In 2001, Monastic Inter-religious Dialogue (MID) sponsored a Buddhist-Catholic conference to celebrate the publishing of 'Benedict's Dharma'. Monastics and lay arrived in Indiana to share and dialogue on the 'Rule of Saint Benedict' and in the years following more conferences were planned and completed with skill and enthusiasm. In 2010 the MID website was retired and access to a good many conference documents were lost to the general public.
I was able to access the retired documents on a web-archive and bring them back to life with MID's blessing. What you find on this web page are links to 12 historic Buddhist-Catholic Monastic Dialogues that document the special relationship shared by Buddhist and Catholic monastic men and women... I've also added a link to our local 'Los Angeles Buddhist-Catholic Dialogue.' /// Peace... Kusala Bhikshu / www.kusala.info
Buddhists and Christians have lived among each other from the early years of Christianity. Small communities of Christians existed in India, possibly as early as the first century C.E., and certainly by the 7th century, at which time there was also a Christian community in China, but records of dialogues between these communities have not come to light.
A new openness towards other religions in Catholicism, promulgated by the decree, "Nostra Aetate," (Declaration on the Relation of the Church to Non-Christian Religions) of the Second Vatican council in 1965 set the stage for real dialogue between Buddhists and Catholics.
The Buddha and the Christ
The Buddha: the "Awakened One." born Siddartha Gautamma, a prince of the Sakya clan in northern India, c. 624 B.C.E. Through his own efforts he achieved Enlightenment, the realization of ultimate reality (truth), perfect in wisdom and compassion.

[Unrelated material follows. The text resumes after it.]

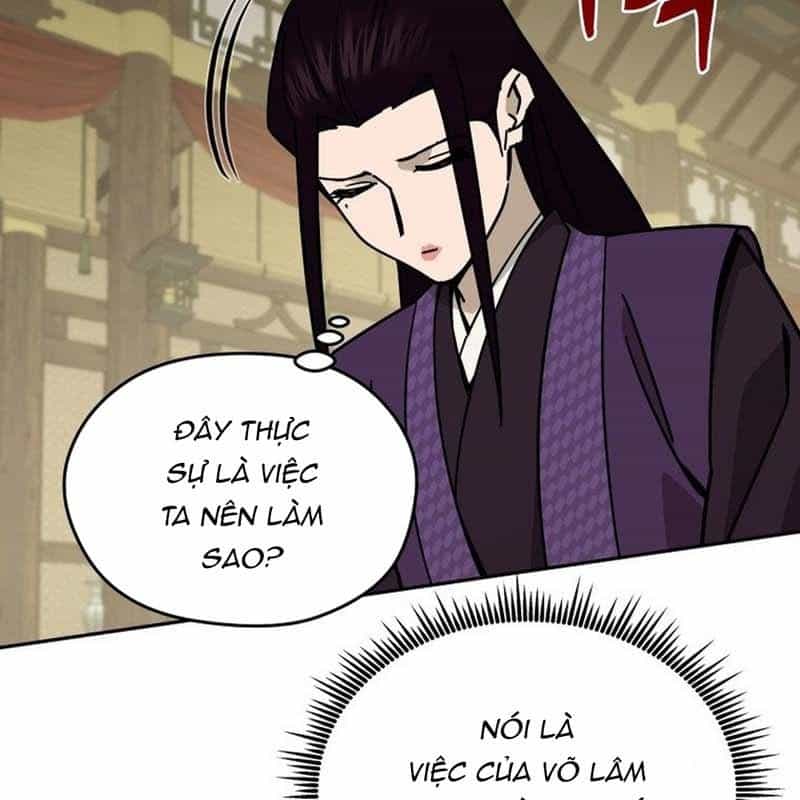 Thần Y Ma Đạo - Chương 22 - ảnh 30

He set the Wheel of the Dharma in motion, showing all humankind (and ultimately all sentient beings) the way to attain release from suffering and attain Nirvana, that ultimate state beyond all description.

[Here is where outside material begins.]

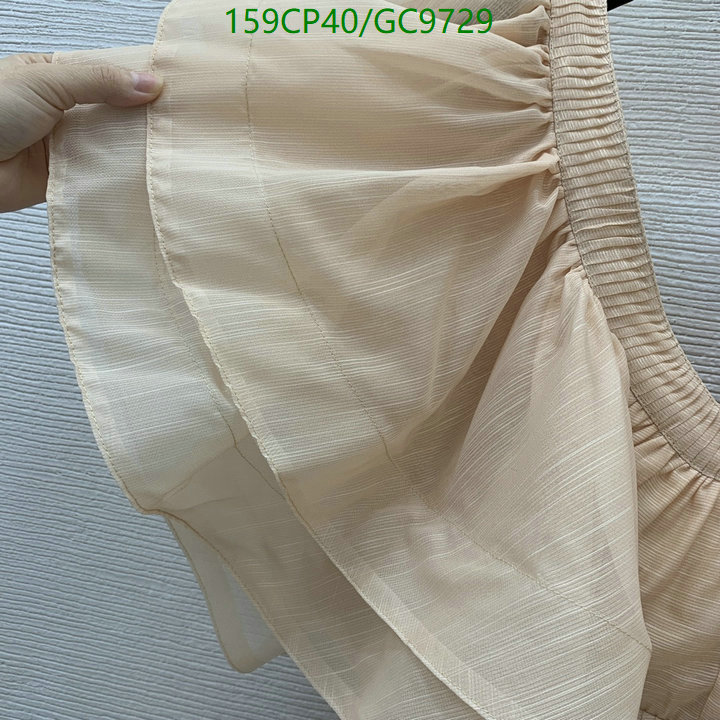 Clothing-Zimmermann Code: GC9729 $: 159USD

The Christ: the "Messiah," or "Anointed One," born Jesus of Nazareth in Judea; crucified outside of Jerusalem by Roman authorities, c. 33 C.E. Anointed by God to save humankind by death on a cross and resurrection from the dead, God became human so humanity could be divinized. He was the total and complete manifestation of God, the Son of God, the second person of the Trinity.
Monastic Interreligious Dialogue - Is a board of Catholic monastic religious from the Benedictine and Cistercian orders, as well as an advisory board drawn from experts in religion from academia and other religious traditions such as Buddhism. The purpose of MID is to foster dialogue with the monastic traditions of other religions, in particular Buddhism.
THE FIFTIETH ANNIVERSARY OF NOSTRA AETATE
In Rome, the fiftieth anniversary of the promulgation on October 28, 1965, of Nostra ætate, the Second Vatican Council’s Declaration on the Relation of the Church to Non-Christian Religions, was especially marked by the general papal audience on October 28, 2015, and by an International Congress organized by the Pontifical Council for Interreligious Dialogue in collaboration with the Commission for Religious Relationships with Jews, the Pontifical Council for Promoting Christian Unity and the Pontifical Gregorian University.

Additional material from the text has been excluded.